When most people think about a day in the life of a teacher, they picture a classroom full of students actively participating in activities, getting grading done over a quiet planning hour, and having the summer off to relax. While this is certainly how teaching is often portrayed in the movies and on TV, the reality couldn’t be farther from the truth for teachers today.
From the constant interruptions and outbursts to stacks of paperwork, state mandated testing, department meetings, behavioral conferences, and the professional development required to renew their teaching license every few years. Teachers never seem to enjoy classes that run smoothly, the planning hour they were promised, or the actual summer break they thought they’d have.
Today teachers are dealing with an ominous threat they never could have imagined — their own students.
It’s becoming more commonplace for teachers to have their supplies stolen, their rooms trashed in violent outbursts and for fights to take place either in the classroom or on school grounds. Add to that, students having sexual encounters at school have become more commonplace.
And shockingly, verbal and physical assaults against teachers have been on a steady climb for years with more and more teachers leaving the profession for their own mental and physical well being.
In a recent survey of 3,403 teachers, 25% had been physically abused, 20% had received threats, and 37% reported verbal insults, disrespectful language, and sexual advances from students. And to make it worse, many teachers admit they never report assaults because they feel that they won’t be supported by their districts if they do.

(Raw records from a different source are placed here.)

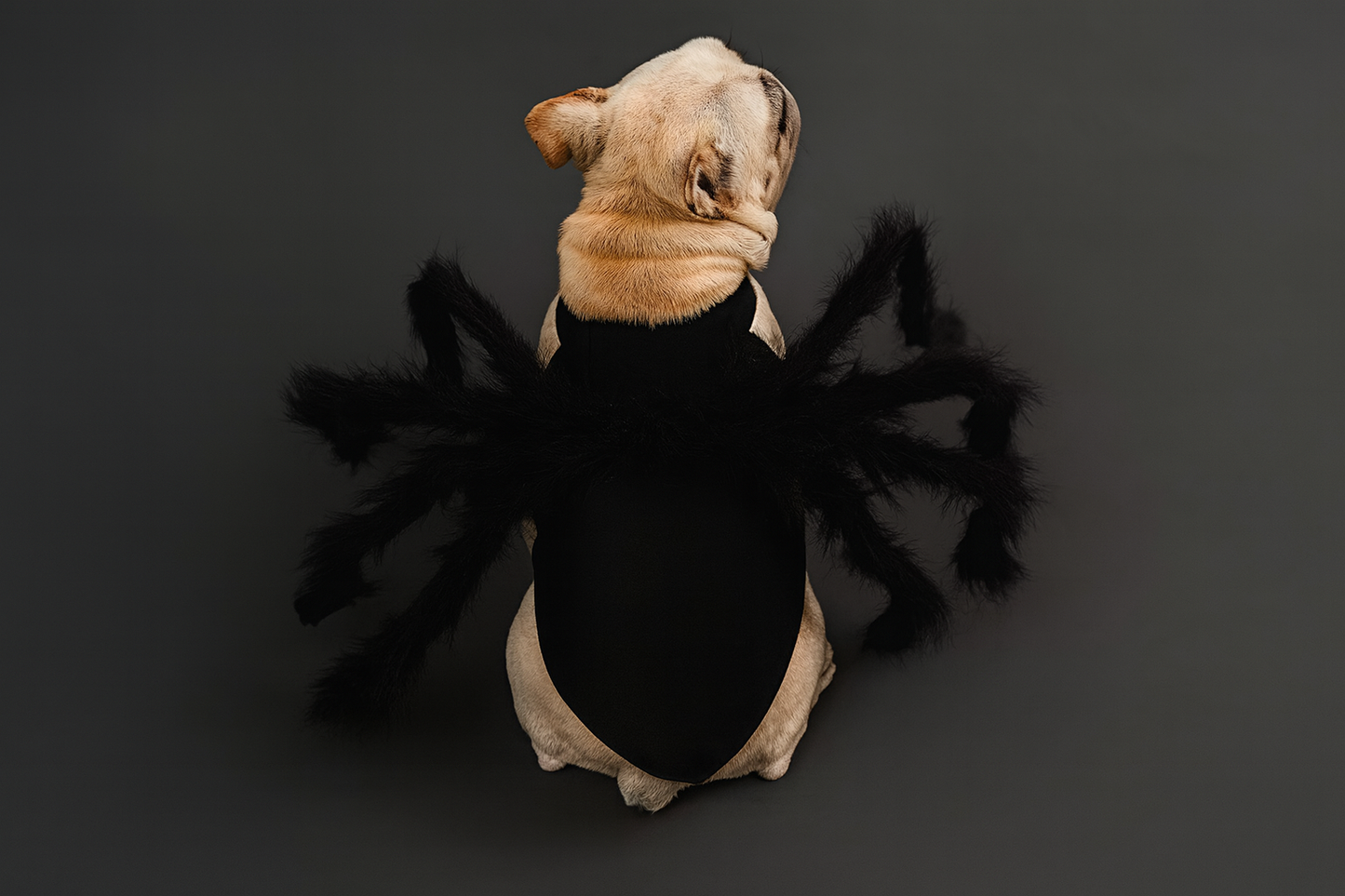 Halloween Pet Spider Costume – Funny Dog & Cat Outfit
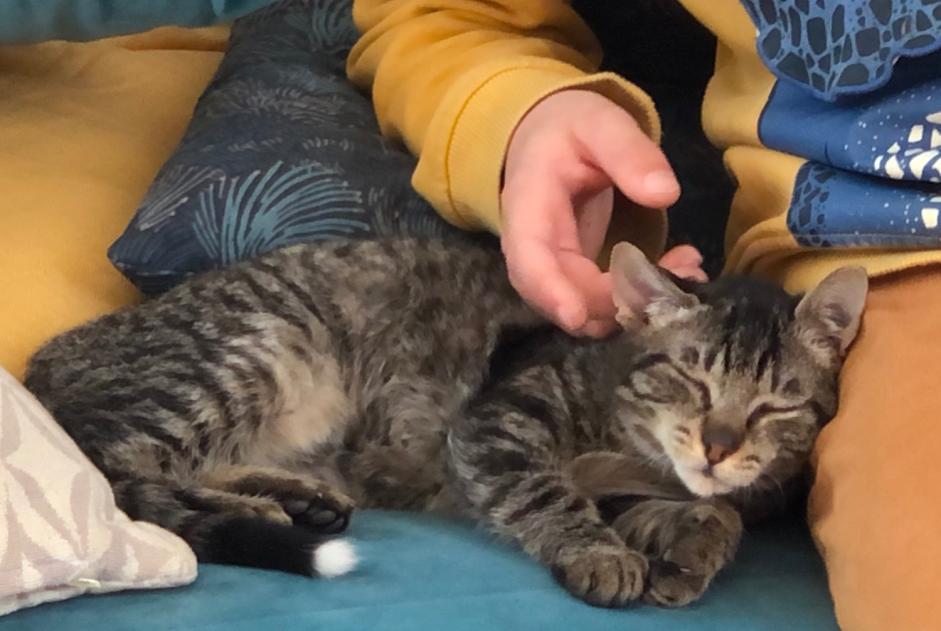 Avviso scomparsa Gatto incrocio di razze  Femmina , 2 anni Albi Francia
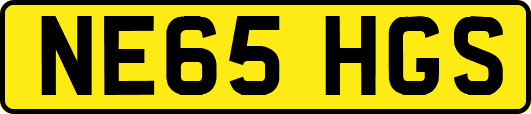 NE65HGS
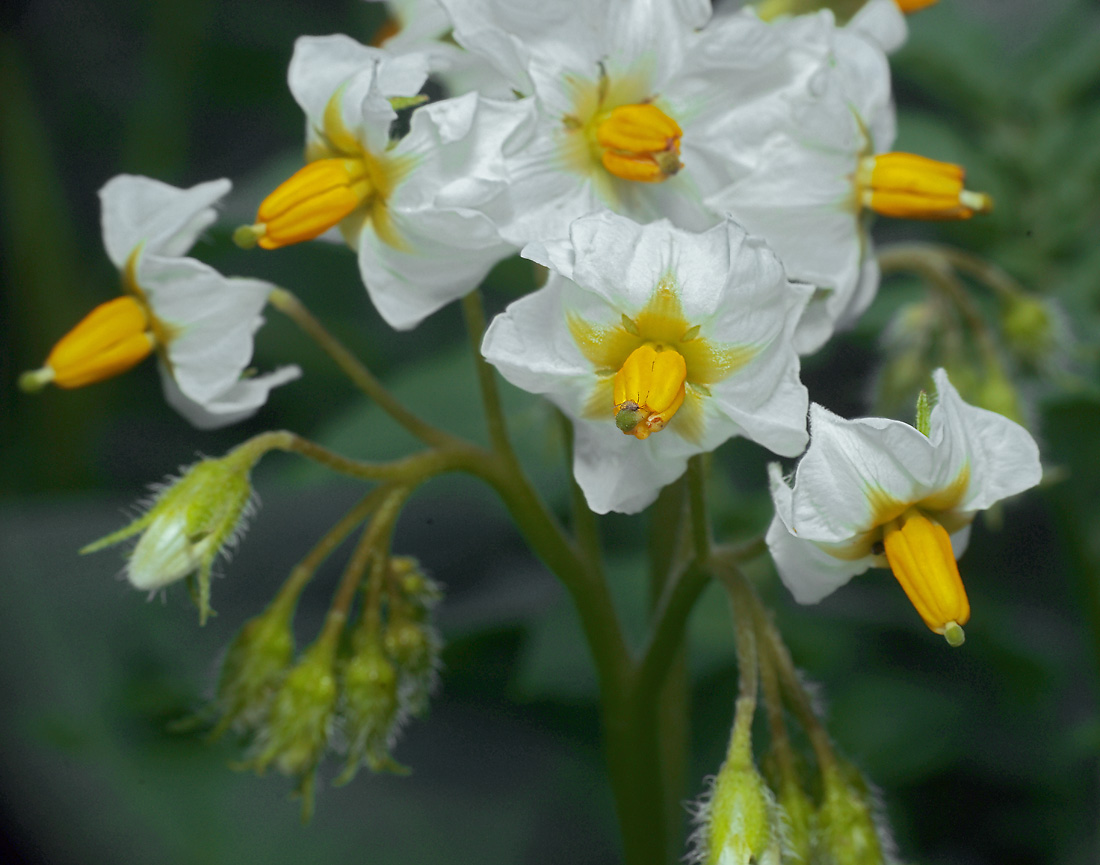 Изображение особи Solanum tuberosum.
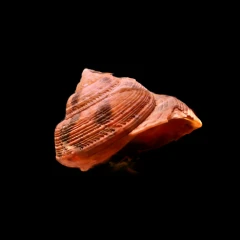 shell-1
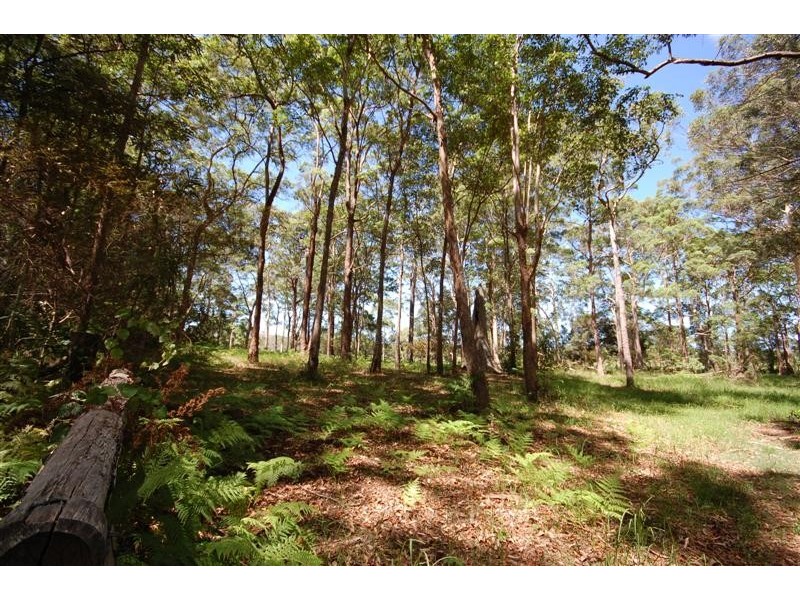 Doonan QLD 4562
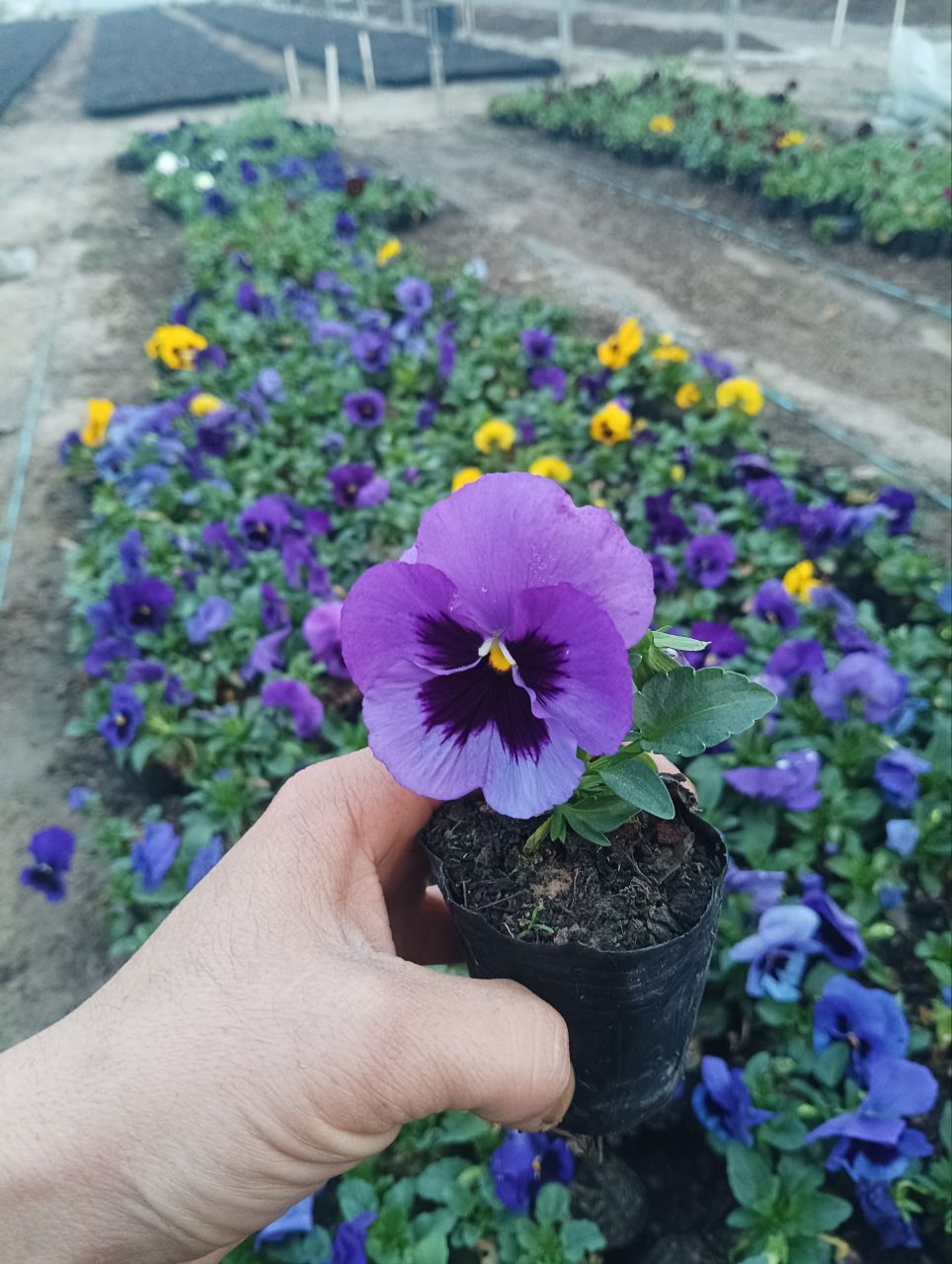 Viola (kapalak gul)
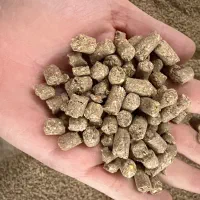 فروش خوراک دام ( گاو شیری و پرواری )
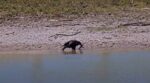 e23 plays in the pond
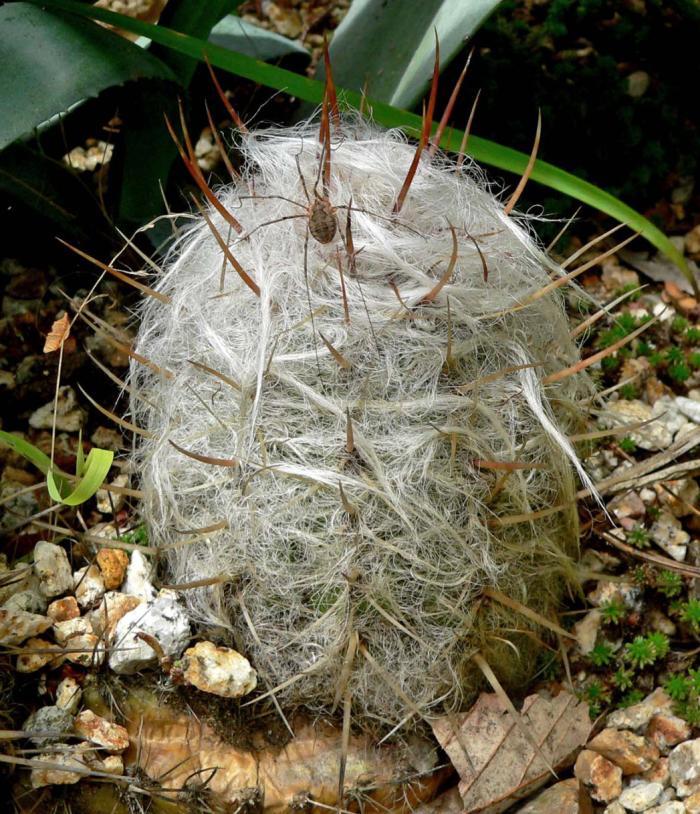 Oreocereus celsianus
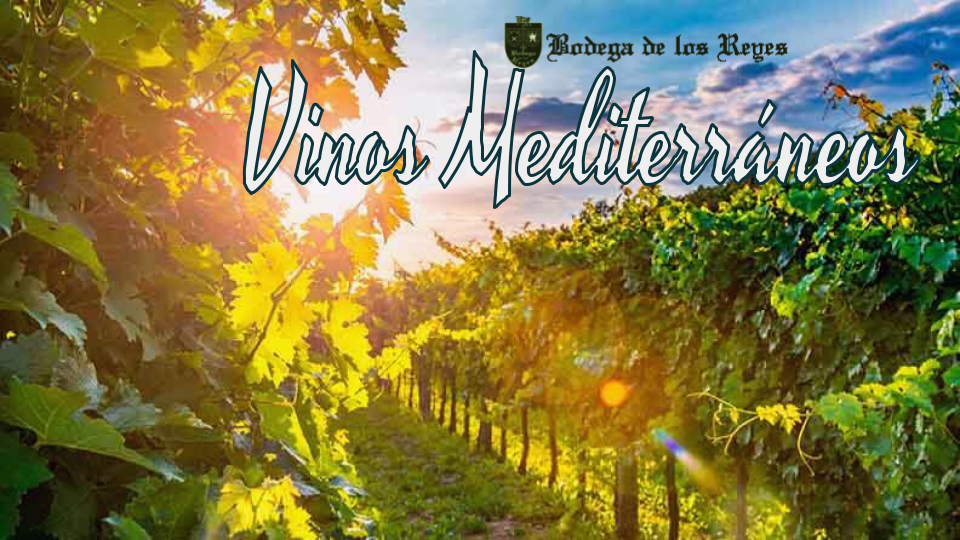 vinos atlanticos vs vinos mediterraneos 02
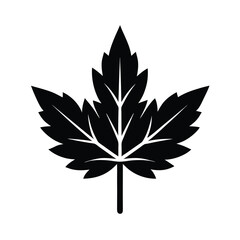 Water Hemlock Leaf Icon Vector Illustration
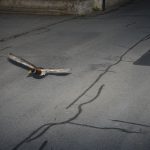 Tierisches: Schweizer Gemeinde: Rasende Ente in der Radarfalle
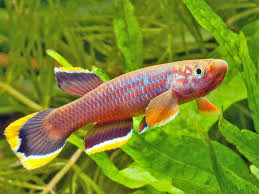 celia’s aphysemion (sold as pairs)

So where are all of these challenging students coming from?
A quick look at the numbers can tell you exactly what students today face and why these challenges are carrying over into the classroom causing such unconscionable behaviors.
- 1.5 million school-aged children in the United States have experienced homelessness in the past 3 years
- 30 million students qualify for free and reduced lunch
- 24% of white, 42% of Hispanic, and 64% of black students come from single-parent homes
- 7.9 million children have been part of child abuse investigations with 91.4% of victims being abused by 1 or more parent
- 2.08 million students between the ages of 12-17 have used drugs in the last month and 86% of students know someone who smokes, drinks, or uses drugs at school
- 1 in 6 children in the US have a mental illness
- 90% of kids play video games and 90% of popular video games portray violence
What this tells us is that today’s students face a lot of intense challenges that greatly affect their ability to focus, learn, and show appropriate behaviors at school. Parents play a huge role in their learning and behaviors. Many parents are absent when it comes to teaching their kids how to act and how to be respectful. Many of these parents weren’t taught when they were children so they are ill equipped to teach. Many children are raised in single parent homes where the parent is working and not always available when the child needs them. They aren’t there for the coaching and comfort these kids need to feel safe and secure. Studies show parents with higher education themselves are much more likely to be involved in their child’s education which gives these kids an advantage in school and in life. The fact that court decisions and federal laws have tied administrators’ hands when it comes to dealing with negative behaviors from students when they happen just adds fuel to the fire. Since there are virtually no consequences, students are far more likely to continue acting out. For some, it’s a cry for help, for others it’s a confirmation that they are the boss and can do as they please. For all, it’s a tragedy because these events generally lead to a future filled with anger, hostility and violence.